Now, Smith believes that the TRO should be dissolved. CRA agrees that dissolution is proper but for different reasons. Unsurprisingly, Church Mutual opposes dissolution. It asks the Court to convert the TRO into a preliminary injunction.
Neither Smith nor CRA made a compelling case for dissolving the TRO. The Court will maintain it. As for conversion, the Court deems Church Mutual’s request to convert the TRO into a preliminary injunction as practically unnecessary.
A. Dissolving the TRO
In support of his request for dissolution, Smith raised four arguments. First, he argued that the 2013 Contract had no new consideration and so was unenforceable. Then, he made three conclusory arguments: that Church Mutual demonstrated no irreparable harm; that the minimum amount-in-controversy requirement for this Court to have subject matter jurisdiction was not met; and that Church Mutual gave no security to pay the Defendants’ damages and costs as the Federal Rules require before TROs may be issued. The Court addresses each in turn.

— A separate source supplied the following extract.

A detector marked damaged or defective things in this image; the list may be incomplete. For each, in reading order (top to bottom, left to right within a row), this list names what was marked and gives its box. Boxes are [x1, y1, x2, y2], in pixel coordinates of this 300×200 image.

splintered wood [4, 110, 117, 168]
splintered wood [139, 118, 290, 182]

The 2013 Contract was supported by new consideration. Smith’s argument mirrored an argument CRA put forth in its Motion to Dismiss that the Court recently decided. When the Court decided on the Motion to Dismiss, it determined that it was not yet time to consider the substantive issues undergirding the consideration argument. Now, the parties seem to agree on the applicable case law, they simply disagree on how the case law fits together and how the case law affects this dispute. Both Smith and CRA argue that, pursuant to Charles T. Creech, Inc. v. Brown, 433 S.W.3d 345 (Ky. 2014), the 2013 Contract fails for lack of consideration because all Smith received from the new contract was continued employment, which is insufficient to support new consideration. Church Mutual points out that the 2013 Contract shortened Smith’s restraining covenants from three years to two. According to Church Mutual, this change in employment terms satisfies the need for new consideration. The Court agrees. Earlier this year, Senior Judge Charles Simpson, also of the Western District of Kentucky, interpreted Creech’s holding. Judge Simpson noted Creech’s requirement that “the employment relationship between the parties [had to] change” to support consideration. Community Ties of Am., Inc. v. NDT Care Servs., LLC, No. 3:12-CV-00429-CRS, 2015 WL 520960 at *20 (W.D. Ky. Feb. 9, 2015) (citing Creech, 433 S.W.3d at 354) (internal quotations omitted; alteration in original). As Judge Simpson said, “[t]o state this rule another way: for an employee agreement signed after initial employment to be enforceable, the circumstances of his or her employment must be altered by the agreement or change thereafter.” Id. The Court agrees with Judge Simpson’s interpretation, and, because the terms of employment were changed, the Court finds that new consideration supported the 2013 Contract.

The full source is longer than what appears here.